The vine’s voraciousness dwarfs even the kudzu of the Southern United States, whose growth of one foot per day is a snail’s pace compared to the Teczotchicin’s rate of up to twenty-five meters. It’s one of the rare plants one can watch growing beneath one’s feet, birthing folktales of murderous qualities. Indeed, the vines have been known to devour whatever they encounter, entangling wild boars in their constriction, swallowing homes of nesting birds, and suffocating local banyan trees which reach thirty meters into the air.

In 1894, explorer Santos Beniz saw the wild vine from his ship and believed the tips of the undulating plants were people waving. Upon sailing to shore, however, Beniz watched as creepers slithered into his crew’s dinghies, seizing oars and wrapping around the legs of crewmembers. Beniz planted a pole through the abdomen of one of the vines and claimed the land in his name, watching as the speared sucker reached its tendrils skyward to consume the flag. Here, he promised—removing his machete and hacking his way inland—a paradise on earth would be built, and he sent back for crew after crew of men who would build a city named after him.

Incredibly, the city of Santos Beniz still exists with beach access, scuba lessons, and a sandy downtown plaza inhabited by chocolatiers, rum distilleries, and tiendas selling conch shells and shark’s teeth. But while the water surrounding its shores is turquoise and the sea is filled with parrotfish, nudibranchs, and glowing pink anemones, it’s hard to relax when gazing through the snorkel’s goggles. At all hours, one hears the swinging of machete blades and the grunts of workers battling the jungle foliage. The city must employ a maintenance crew of over three hundred to keep the vine at bay; they pull roots from the ground and set brush fires, while the vine’s tendrils snake between their legs, reaching for the city’s visitors and children.

Every hotel owner in Santos Beniz has the same nightmare: the doors of their main entrance widening, vines tumbling toward the front desk. Every restauranteur has the same fear: liana breaking through kitchen tiles to seize butcher knives in their leafy grip. Tourists who visit the beaches of Santos Beniz close their eyes, attempt to enjoy the sunshine, but can never truly rest. Though it’s only the breeze tickling their legs, they leap from beach chairs, expecting at any moment to see the tips of vines slithering between the plastic straps, the maintenance crews dangling from the cliffs.

 

The Monster Snake of Typhon

In adulthood, the Monster Snake of Typhon reaches over five meters in diameter and one hundred and fifty meters in length, its magnitude surpassing that of a London underground train.
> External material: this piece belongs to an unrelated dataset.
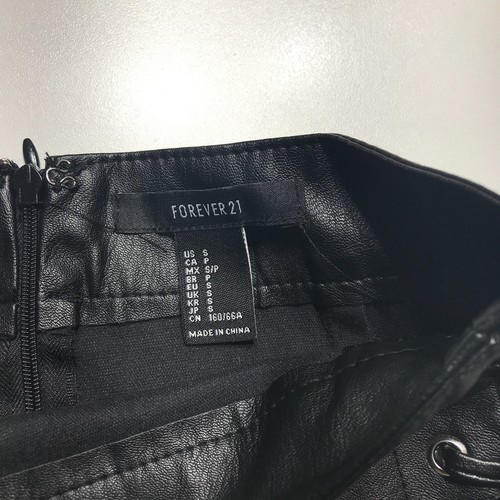 Forever 21 Skirt Womens Small Faux Leather Side Laced Up Mini Party Casual Black - Picture 7 of 16
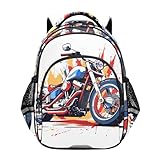 OWFKAY Kinder-Reiserucksack, Aquarell, Fahrzeug, Motorrad, lässiger Tagesrucksack für Wochenendausflüge, mehrfarbig, M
Its native habitat is the rainforests, where its prey consists of water buffalo and rhinoceri. However, since the encroachment of local cities, the Monster Snake has been found in Typhon’s financial district as well as populated tourist centers, overturning trucks, smashing store windows, and swallowing entire tour buses, digesting them slowly as it escapes down subway tunnels. To see video clips of its attacks is like watching Japanese kaiju films, where scaly-backed giants terrify cities. One watches the shimmering blue, diamond-backed pattern as the snake overturns a hot dog cart and opens its mouth to swallow an SUV.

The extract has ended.